# Mercedes engine detail



## jcooper5083

Hi all,

I have recently taken to the engine bay as part of the complete car detail process and thought I would share with you the results - I will be doing the metal under the hood soon which will add to the overall look.

One of the keys that really helped me here was having a hose pipe with a standard garden trigger gun that had the option for mist setting as this allowed for getting on to some of the body work gaps to rinse without soacking any critical parts like electrics.

Products used:


Bilt Hamber Surfex HD
Meguires all purpose cleaner
Bilt hamber clay bar 
Poorboys SSR2 polish
In2detailing ceramic crystal wax
Poorboys plastic/trim restorer
303 fabric guard
Various microfibre cloths, brushes and polish/wax applicators


Mini Micro Vacuum Cleaner Attachment Tool Kit - this has probably been one of the best purchases I have ever made for interior and now this job.

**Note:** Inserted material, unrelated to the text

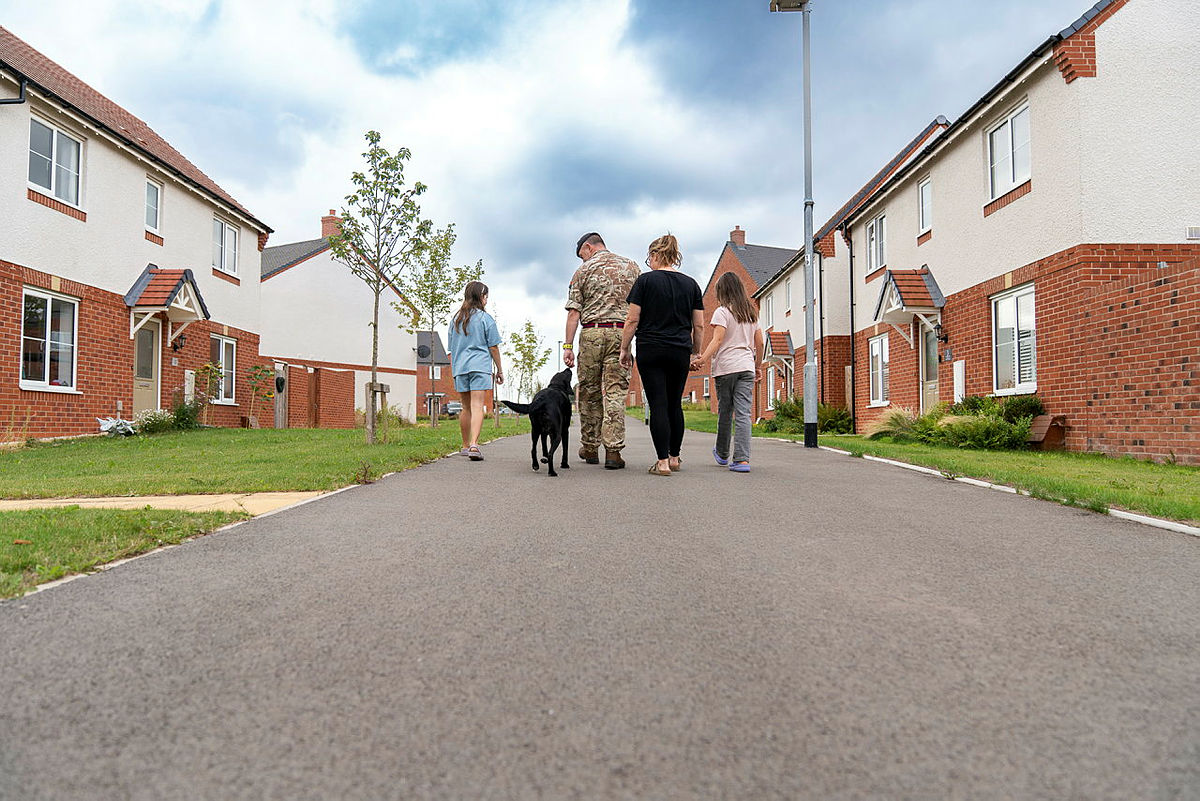 Cost of living and housing support in Warrington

there was no rocket science to this and I guess it helps that a lot of delicates are safely encased so i dint have to bag any of them up but then I wasnt looking to soak the engine bay I was sensible using a directed mist flow of water from the hose and many cloths.


I started with removing all the debris with gentle detail brushes and the various hoover attachments to get in all the hard to reach areas and removing two of the component covers.
This was followed by working in the Surfex HD across the whole engine bay with detail brushes and rinsing around the body work areas and removing with cloths in delicate areas.
This was followed with APC just to ensure all dirt was removed and worked in with brushes and removed with cloths
This was then dried off completely.
Clay bar to decon the body work areas.
Polish applied on all body work areas.
Wax followed this.
All plastics covered with plastic and trim restoer
Sound dampening cover on the bonnet coated in fabric guard

Here are the before, during and after pics - metal polish to follow soon. As always, comments and feedback welcome.


----------



## GSVHammer

That's come up really nice.


----------



## jcooper5083

GSVHammer said:


> That's come up really nice.


Thank you.

To be fair there is only 15k on the clock but it is so worth it and the metal polish to follow just finished it off.

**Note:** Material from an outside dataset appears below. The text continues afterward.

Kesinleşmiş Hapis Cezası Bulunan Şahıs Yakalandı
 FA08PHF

Just need to keep on top of it now.


----------



## Naddy37

Nice work. I need to tackle the engine on my e-class too.


----------



## pina07

Great work.....looks great now.
Regards
Paul


----------



## Citromark

Massive improvement , very rewarding too :thumb:

Mark


----------



## jcooper5083

Naddy37 said:


> Nice work. I need to tackle the engine on my e-class too.

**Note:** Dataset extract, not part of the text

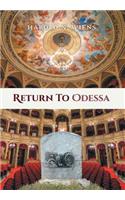 Return to Odessa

Get it done, also take a look at my post in the engine bay section about polishing bare metal I posted a couple of days ago as you may have the same metal I did and the difference you can make for such a simple process is well worth it.


----------



## washingitagain

Good work. I tried to do mine a few weeks ago (W176 A Class) and whilst it came up OK, I was terrified of getting something wet which shouldn't get wet. I watch countless videos of people liberally washing engine bays but it terrifies me!


----------



## jcooper5083

washingitagain said:


> Good work. I tried to do mine a few weeks ago (W176 A Class) and whilst it came up OK, I was terrified of getting something wet which shouldn't get wet. I watch countless videos of people liberally washing engine bays but it terrifies me!


I did the same but then applied my own common sense. removing some plastic covereings to really clean them made it easier and everywhere else I used say degreaser in a spray bottle then a damp cloth and then dry cloth or as per the post I used the mist setting on my hose to avoid soaking any particular part.

I was worried until I did it but there really isnt anything to worry about if you have the right products and cloths - no need to hit the engine bay with a jet wash or full stream of water.

Happ to help if you have any specific questions but id say get stuck in.


----------



## techman56

Looks great.

Did my W211 last week using a garden hose to rinse. Unfortunately, water got into the coil pack.

Where did you get the vacuum attachment kit?

Sent from my SM-A505FN using Tapatalk


----------



## jcooper5083

techman56 said:


> Looks great.
> 
> Did my W211 last week using a garden hose to rinse. Unfortunately, water got into the coil pack.
> 
> Where did you get the vacuum attachment kit?
> 
> Sent from my SM-A505FN using Tapatalk


defo no need to be spraying directly on the engine or near any exposes eletricals. I only used the mist setting on the hose for the side body work sections, the rest were sprayed with degreaser and then wiped clean - only way to be safe from water beingforced in to areas it shouldnt. Either that or bagging up delicate areas but still feel this isnt safe.

The hoover attachment is from Amamzon, £8 and it is truly amazing for all types of cleaning but the interior - there is no where I cant reach now.


----------